Saturday, January 05, 2013
Shortly after I was diagnosed with MS, I tried to give blood. I think it was at a work blood drive. When I skimmed the eligibility requirements they asked me to review and sign before sticking me, I was shocked to see Multiple Sclerosis on the list of diseases that were exclusionary factors for donating blood. HIV/AIDS, Hepatitis, and Multiple Sclerosis. There were probably several others on the list, but I stopped reading after seeing MS. HIV/AIDS and Hepatitis I understood, but MS???? I was really pissed off. What idiotic bureaucrat thought that MS was a contagious disease that could be transmitted by a blood transfusion???? After the anger, came the shame. I felt like my blood wasn't good enough for the Red Cross refrigerators. I was diseased and unworthy.
I think that may have been one of the first and only times I was really ashamed of my MS. I started this blog and went public with my diagnosis right away. I felt a strong need to share honestly, hopefully, and, whenever possible, humorously, about what was going on with me. but I also felt a responsibility to do what I could to remove the stigma and misconceptions associated with this disease. I didn't feel like I had anything to be ashamed of until that Red Cross donor information sheet told me that my blood was tainted.

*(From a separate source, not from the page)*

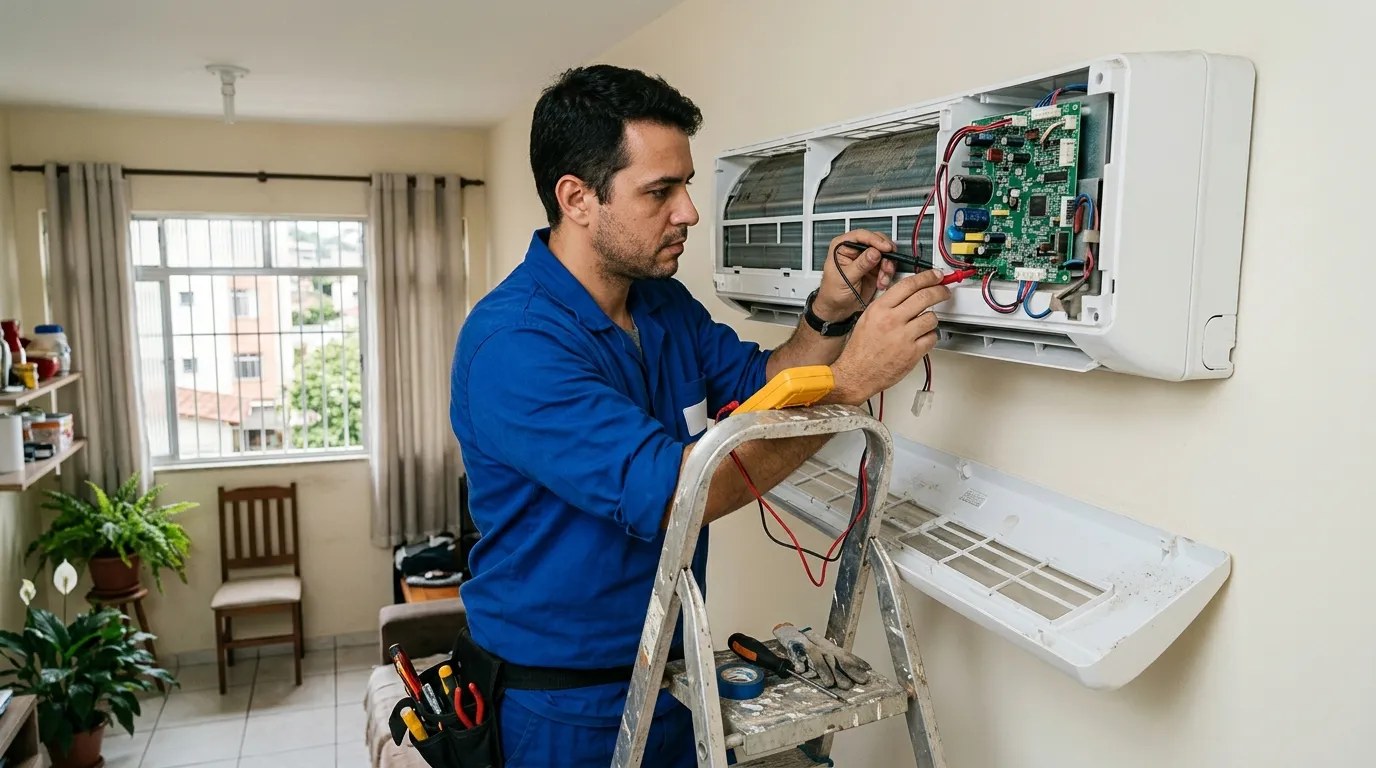 Técnico trocando a placa eletrônica de ar-condicionado split em Governador Valadares‑MG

A couple years later, I read a post somewhere about how the American Red Cross used to prohibit people from donating blood if they had MS, but that they had changed their eligibility guidelines in 2007. According to the MS Society, they did this rather quietly but I don't think they did a great job disseminating those eligibility changes to their field offices. Doing a quick Google search for this post, I found several offices that still list MS as an exclusionary factor in the "serious illness" section, including Northern Ohio, Arizona, and the Red Cross guidelines distributed for a Princeton University blood drive.
The eligibility requirements now posted on the national American Red Cross site no longer even mention MS, which means that it is, rightfully so, no longer an exclusionary factor. When I gave blood today, they asked me many, many questions including whether I had been incarcerated (not yet), had sex with a man who had sex with a man (definitely not in the 12 month period they asked about), and had I recently had any piercings or tattoos (never with unsterilized needles and not in the last 12 months) but no one asked me about my MS.
I am worthy and I couldn't be happier. Although I opted for the gluten-free fruit snacks, I proudly wore my sticker all day today.